The response must consist of each line in the listing that has the word "Hotel" in it.

DATA:
::::::::
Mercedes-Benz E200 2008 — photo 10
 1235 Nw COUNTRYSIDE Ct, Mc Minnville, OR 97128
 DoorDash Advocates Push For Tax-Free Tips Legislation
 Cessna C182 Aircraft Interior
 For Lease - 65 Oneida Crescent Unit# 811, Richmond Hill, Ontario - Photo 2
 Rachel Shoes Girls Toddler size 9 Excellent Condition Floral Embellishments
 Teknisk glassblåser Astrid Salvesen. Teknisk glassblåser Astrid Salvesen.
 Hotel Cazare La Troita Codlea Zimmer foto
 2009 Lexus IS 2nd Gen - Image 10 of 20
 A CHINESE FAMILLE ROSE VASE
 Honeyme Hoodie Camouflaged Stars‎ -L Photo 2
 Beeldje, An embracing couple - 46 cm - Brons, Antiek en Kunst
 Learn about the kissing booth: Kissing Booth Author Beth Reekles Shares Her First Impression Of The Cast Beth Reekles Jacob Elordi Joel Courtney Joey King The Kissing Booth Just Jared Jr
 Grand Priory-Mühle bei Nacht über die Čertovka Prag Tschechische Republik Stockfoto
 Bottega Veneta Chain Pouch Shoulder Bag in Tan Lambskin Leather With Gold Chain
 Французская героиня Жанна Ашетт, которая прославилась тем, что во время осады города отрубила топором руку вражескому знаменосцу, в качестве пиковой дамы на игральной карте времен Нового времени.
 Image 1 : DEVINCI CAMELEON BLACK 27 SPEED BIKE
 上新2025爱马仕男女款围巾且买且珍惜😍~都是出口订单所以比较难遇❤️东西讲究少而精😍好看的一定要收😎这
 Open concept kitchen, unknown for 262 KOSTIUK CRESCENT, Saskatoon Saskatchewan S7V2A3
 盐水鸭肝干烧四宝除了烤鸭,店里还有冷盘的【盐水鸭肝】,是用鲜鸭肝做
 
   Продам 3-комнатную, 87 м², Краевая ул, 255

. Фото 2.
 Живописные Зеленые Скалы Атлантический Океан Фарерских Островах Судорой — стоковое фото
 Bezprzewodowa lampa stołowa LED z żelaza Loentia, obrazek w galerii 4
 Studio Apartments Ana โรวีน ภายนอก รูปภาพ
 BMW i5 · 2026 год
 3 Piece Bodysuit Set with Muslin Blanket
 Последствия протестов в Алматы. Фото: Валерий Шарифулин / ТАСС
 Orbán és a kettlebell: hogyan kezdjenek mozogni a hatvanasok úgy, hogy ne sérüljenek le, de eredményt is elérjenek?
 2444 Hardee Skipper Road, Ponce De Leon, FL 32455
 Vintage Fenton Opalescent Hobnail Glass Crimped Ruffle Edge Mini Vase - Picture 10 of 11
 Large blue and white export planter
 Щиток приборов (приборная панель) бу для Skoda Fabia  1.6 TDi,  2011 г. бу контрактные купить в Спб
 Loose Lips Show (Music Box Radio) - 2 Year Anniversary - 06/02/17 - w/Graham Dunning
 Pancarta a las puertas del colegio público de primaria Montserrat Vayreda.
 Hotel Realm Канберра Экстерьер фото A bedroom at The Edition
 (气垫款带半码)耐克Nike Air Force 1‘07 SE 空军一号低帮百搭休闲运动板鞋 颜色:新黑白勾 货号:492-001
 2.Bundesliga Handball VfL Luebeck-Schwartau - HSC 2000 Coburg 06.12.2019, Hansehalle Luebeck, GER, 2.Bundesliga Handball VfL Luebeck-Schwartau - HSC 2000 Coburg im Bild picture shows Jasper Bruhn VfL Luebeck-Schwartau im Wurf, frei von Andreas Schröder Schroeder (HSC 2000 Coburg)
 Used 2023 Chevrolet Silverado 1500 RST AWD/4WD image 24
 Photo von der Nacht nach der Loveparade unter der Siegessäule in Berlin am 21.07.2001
::::::::
EXERCISE ANSWER:
 Hotel Cazare La Troita Codlea Zimmer foto
 Hotel Realm Канберра Экстерьер фото A bedroom at The Edition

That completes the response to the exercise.